Work required
Exact copies of all the lines below are required, with the pictures omitted.

Information supplied

=== Section Start ===

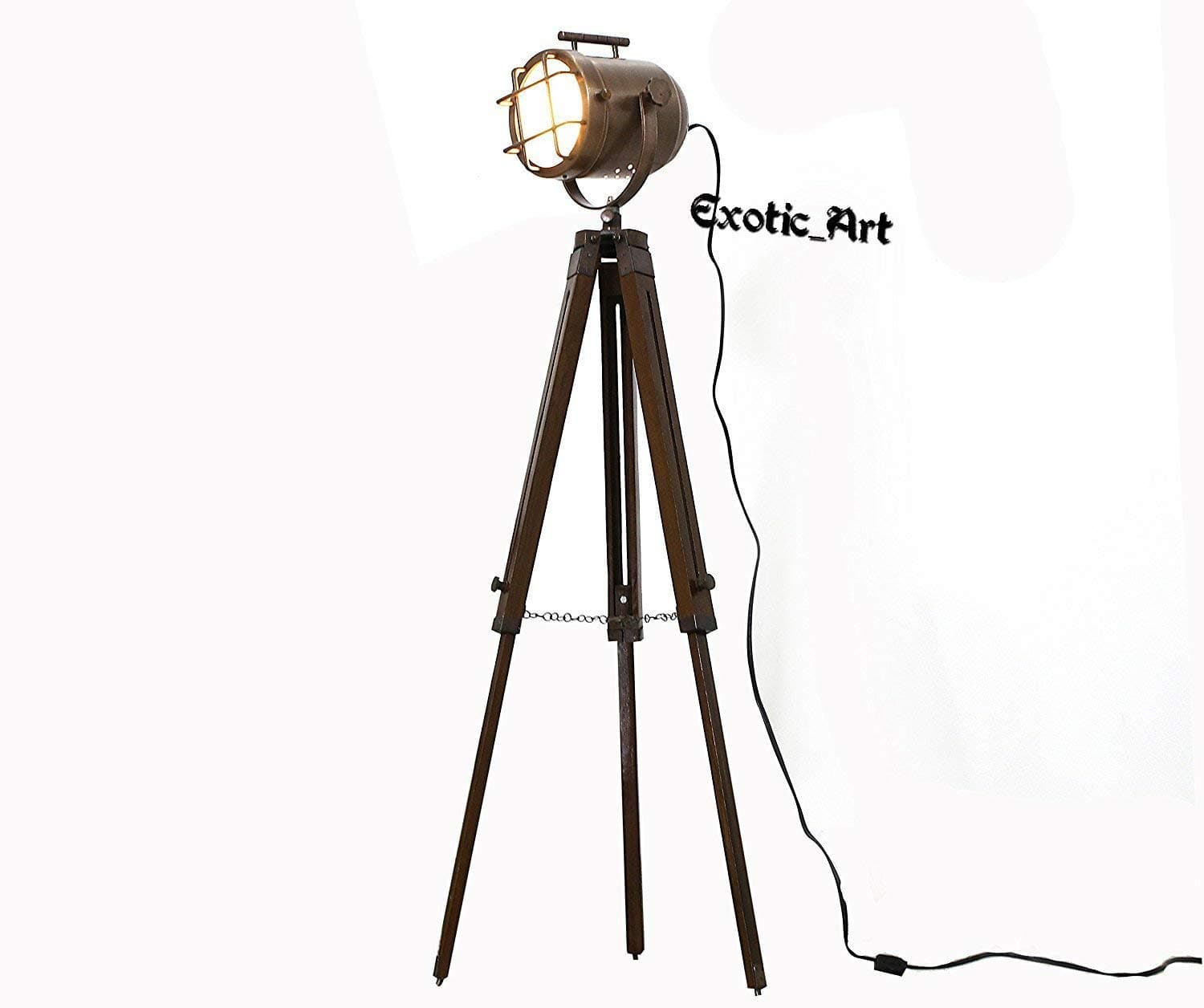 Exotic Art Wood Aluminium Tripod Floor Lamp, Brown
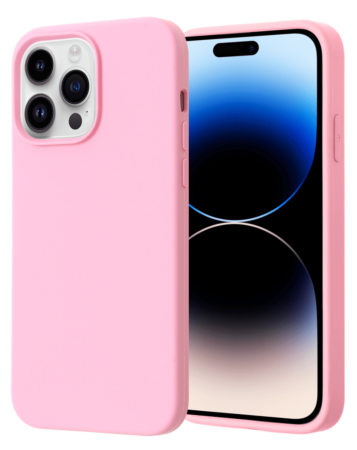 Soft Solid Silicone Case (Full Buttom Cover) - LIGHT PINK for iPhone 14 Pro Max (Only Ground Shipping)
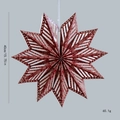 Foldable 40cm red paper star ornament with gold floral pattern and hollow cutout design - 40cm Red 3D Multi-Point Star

=== Section End ===

Expected output
 Exotic Art Wood Aluminium Tripod Floor Lamp, Brown
 Soft Solid Silicone Case (Full Buttom Cover) - LIGHT PINK for iPhone 14 Pro Max (Only Ground Shipping)
 Foldable 40cm red paper star ornament with gold floral pattern and hollow cutout design - 40cm Red 3D Multi-Point Star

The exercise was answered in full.